Thing is, back when he was very little, Jimmie's family once owned a beautiful Queen Anne-style house in Fillmore, a place he still dotes over, to the consternation of the elderly white couple who are its current owners. In Jimmie's family lore, his grandfather built the place himself immediately after WWII, a fact he's always taken enormous pride in. To Jimmie, whose own father (Rob Morgan) lost the house (we are to understand in part due to his heavy drug use), the house clearly represents the possibility of a deeper and more resonant life -- one that by rights should have been his, but for his dad's drug habit, and his mother's subsequent abandoning them both, leaving him to fend for himself in a group home.

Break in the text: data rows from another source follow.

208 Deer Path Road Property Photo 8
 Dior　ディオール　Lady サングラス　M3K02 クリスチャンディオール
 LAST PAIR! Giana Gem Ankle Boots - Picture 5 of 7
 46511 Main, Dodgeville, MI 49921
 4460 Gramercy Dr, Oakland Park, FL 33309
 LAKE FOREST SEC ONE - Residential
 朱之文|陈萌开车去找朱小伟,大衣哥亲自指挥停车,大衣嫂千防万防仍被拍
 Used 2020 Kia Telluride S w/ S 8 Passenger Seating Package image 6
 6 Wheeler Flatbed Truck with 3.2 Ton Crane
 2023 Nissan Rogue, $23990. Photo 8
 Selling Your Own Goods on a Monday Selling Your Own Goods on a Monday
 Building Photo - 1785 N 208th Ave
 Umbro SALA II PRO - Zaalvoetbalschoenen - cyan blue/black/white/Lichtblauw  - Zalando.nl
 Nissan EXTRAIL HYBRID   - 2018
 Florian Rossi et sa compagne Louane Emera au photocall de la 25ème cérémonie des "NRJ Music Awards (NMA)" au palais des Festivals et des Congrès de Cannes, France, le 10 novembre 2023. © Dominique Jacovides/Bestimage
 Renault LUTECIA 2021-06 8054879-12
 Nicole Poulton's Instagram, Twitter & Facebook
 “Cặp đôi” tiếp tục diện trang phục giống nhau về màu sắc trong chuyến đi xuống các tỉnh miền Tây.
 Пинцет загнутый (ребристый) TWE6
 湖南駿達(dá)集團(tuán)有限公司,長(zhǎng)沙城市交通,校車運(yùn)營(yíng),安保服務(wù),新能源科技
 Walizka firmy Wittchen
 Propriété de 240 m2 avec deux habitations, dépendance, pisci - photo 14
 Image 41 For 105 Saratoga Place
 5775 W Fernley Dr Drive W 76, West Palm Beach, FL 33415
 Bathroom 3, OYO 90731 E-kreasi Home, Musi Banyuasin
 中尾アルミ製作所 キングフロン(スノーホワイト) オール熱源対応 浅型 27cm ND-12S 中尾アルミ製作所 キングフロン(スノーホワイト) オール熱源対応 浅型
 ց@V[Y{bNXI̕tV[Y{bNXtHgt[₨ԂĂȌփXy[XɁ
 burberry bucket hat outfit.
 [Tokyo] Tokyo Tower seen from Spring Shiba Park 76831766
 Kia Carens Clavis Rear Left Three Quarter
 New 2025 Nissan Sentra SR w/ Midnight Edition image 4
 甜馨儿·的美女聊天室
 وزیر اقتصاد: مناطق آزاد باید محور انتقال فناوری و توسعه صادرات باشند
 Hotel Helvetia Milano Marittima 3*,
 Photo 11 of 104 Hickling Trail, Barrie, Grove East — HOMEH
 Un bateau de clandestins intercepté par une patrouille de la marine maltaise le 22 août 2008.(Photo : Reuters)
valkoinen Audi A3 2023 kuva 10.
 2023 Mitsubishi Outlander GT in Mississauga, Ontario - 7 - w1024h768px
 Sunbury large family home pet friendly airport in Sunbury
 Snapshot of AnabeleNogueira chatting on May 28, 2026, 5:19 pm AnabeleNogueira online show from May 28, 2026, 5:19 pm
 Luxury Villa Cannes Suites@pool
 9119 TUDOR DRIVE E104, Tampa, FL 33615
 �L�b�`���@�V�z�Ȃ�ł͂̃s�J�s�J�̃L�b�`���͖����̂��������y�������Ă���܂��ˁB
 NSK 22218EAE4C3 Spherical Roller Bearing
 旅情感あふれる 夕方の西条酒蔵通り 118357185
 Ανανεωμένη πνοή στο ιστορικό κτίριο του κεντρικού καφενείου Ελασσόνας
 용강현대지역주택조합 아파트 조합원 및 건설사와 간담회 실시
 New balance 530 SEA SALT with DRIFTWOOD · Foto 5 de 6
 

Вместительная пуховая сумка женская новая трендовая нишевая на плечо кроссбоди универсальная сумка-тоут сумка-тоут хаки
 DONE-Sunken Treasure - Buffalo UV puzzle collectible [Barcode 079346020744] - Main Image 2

When the elderly couple is suddenly forced to move out because of a will dispute, Jimmie sees the opportunity he has been waiting for: He immediately moves in with Mont, trying to establish squatting rights. Soon, he has restored much of the old furniture from his Auntie's storage space, and sees his fondest dream fulfilled, albeit briefly, reunited with the gorgeous house, and its ornate rabbit warren of rooms, hidden chambers and swirling staircase. Only, like Jimmie, we're never able to relax our guard fully, in a city whose slick Realtors (here personified by one played by Finn Wittrock) circle and pounce on properties like thresher sharks to a blue whale carcass, we're all too aware of the doomed path he's trying to take.

The film's mournful tone is established early, during a gorgeous slow-motion coda as Jimmie and Mont skateboard from their neighborhood down to Lower Pacific Heights where Jimmie's dream house resides. Talbot and DP Adam Newport-Berra capture a sense of the schizoid nature of the city as the camera glides along with the pair of friends, various tableaus and encounters move languidly in near-frozen motion as they stream down the city blocks. Eventually, a wild-eyed young denizen starts enthusiastically chasing after them, stripping his clothes off and yelling for them to take him along, breaking the spell.

Throughout the film, Talbot, an SF native who wrote the film along with co-producer Rob Richert, based on his good friend Fails' own actual life story, adds these sorts of details and flourishes that allude to the city's more bohemian, free-spirited past -- a pair of white, dreadlocked hippies passed out together on a city bus as their dog digs out something from the man's lap; a naked man who comes to sit next to Jimmie at a bus stop, but only after delicately placing a clean handkerchief down on the seat first, eventually jeered at by travelling cable car full of partying bros as a overdub remix of the Jefferson Airplane Haight classic "Someone to Love" blasts out of the speakers. Every American city is a study in stark economic contrasts, but never more so than in the epicenter of new tech money changing the very essence of the people who still call it home.

It's also a film about the versions of the stories whose ideas lend depth and valor to our otherwise nondescript lives, the things we hope make us the heroes of our own narratives. In this way, Jimmie's story is conflated with that of the city itself, and the palpable sense of loss he feels about his family's house is mirrored in the city's own loss of identity.

For all that, the emotional heart of the film is still the friendship between Jimmie and Mont. Gentle, loving and supportive, the men rely on each other as offbeat siblings, standing out as they do with some of the other, more aggressive young men standing in a facsimile Greek chorus outside grandpop's Bayview house, one of whom, Kofi (Jamal Trulove), Mont takes particular artistic interest in, even after he taunts him and Jimmie repeatedly from the curb.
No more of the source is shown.